2. Dr Falk and the Commissioner agreed that the whole of Dr Falk's legal costs in pursuing those proceedings were properly deducted by Dr Falk in the 2006-2009 income years.
3. Dr Falk made an application to the AIRC for the legal costs he had incurred in pursuing his wrongful dismissal application in the AIRC (the Cost Application).
4. Dr Falk and legal representatives of the ACT entered into negotiations regarding the terms of Dr Falk's reinstatement and the payment of his legal costs in the AIRC proceedings.
5. The outcome of these negotiations was that the ACT agreed to pay Dr Falk the whole of his legal costs in the AIRC in return for Dr Falk agreeing to withdraw the Cost Application.
6. The ACT Treasurer then exercised his authority under section 130(1) of the Financial Management Act 1996 (ACT) to approve an act of grace payment equal to the amount of the costs as previously agreed and subject to two conditions: (a) that Dr Falk withdraw his Cost Application in the AIRC; and (b) that he release the ACT from all actions and claims arising from the AIRC proceedings.
7. The ACT relied on the device of an act of grace payment authorisation to pay the agreed settlement it having formed the view it did not otherwise have the legal authority to pay the agreed settlement because Dr Falk's application was still pending in the AIRC and, as such, the ACT did not have a 'present legal liability' to meet Dr Falk's costs.

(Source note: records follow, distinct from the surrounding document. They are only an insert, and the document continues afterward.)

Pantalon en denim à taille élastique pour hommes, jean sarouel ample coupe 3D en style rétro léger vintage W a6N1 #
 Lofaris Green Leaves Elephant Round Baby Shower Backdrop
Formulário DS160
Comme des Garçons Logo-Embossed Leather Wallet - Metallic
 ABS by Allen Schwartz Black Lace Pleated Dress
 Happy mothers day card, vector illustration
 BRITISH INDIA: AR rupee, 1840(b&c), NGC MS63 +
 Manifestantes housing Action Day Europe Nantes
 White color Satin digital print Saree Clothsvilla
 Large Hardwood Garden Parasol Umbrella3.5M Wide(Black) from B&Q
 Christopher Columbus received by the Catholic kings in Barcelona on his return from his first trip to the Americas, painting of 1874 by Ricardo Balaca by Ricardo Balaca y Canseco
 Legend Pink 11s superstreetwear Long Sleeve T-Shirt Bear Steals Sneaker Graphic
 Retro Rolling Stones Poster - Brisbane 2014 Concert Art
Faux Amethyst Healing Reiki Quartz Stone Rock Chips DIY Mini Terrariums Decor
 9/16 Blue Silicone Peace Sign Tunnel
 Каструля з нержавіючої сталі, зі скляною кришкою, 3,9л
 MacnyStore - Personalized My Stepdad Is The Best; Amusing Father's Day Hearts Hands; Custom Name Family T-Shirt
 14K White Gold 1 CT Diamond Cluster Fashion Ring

8. Subsequently Dr Falk executed a Deed of Release, the ACT paid Dr Falk the agreed amount and Dr Falk withdrew his Cost Application to the AIRC.
9. The Commissioner included the whole of the amount received by Dr Falk from the ACT in his assessable income for the 2009 income year, pursuant to subsection 6-10(4) and 20-35 of the ITAA 1997, on the basis that the amount was an assessable recoupment within the meaning of section 20-20(2)(a) of the ITAA 1997.
10. Test case funding was provided to Dr Falk.
Issues decided by the tribunal
The question was whether the payment received by Dr Falk from the ACT was a recoupment that had been received by Dr Falk by way of indemnity pursuant to paragraph 20-20(2)(a) of the ITAA 1997.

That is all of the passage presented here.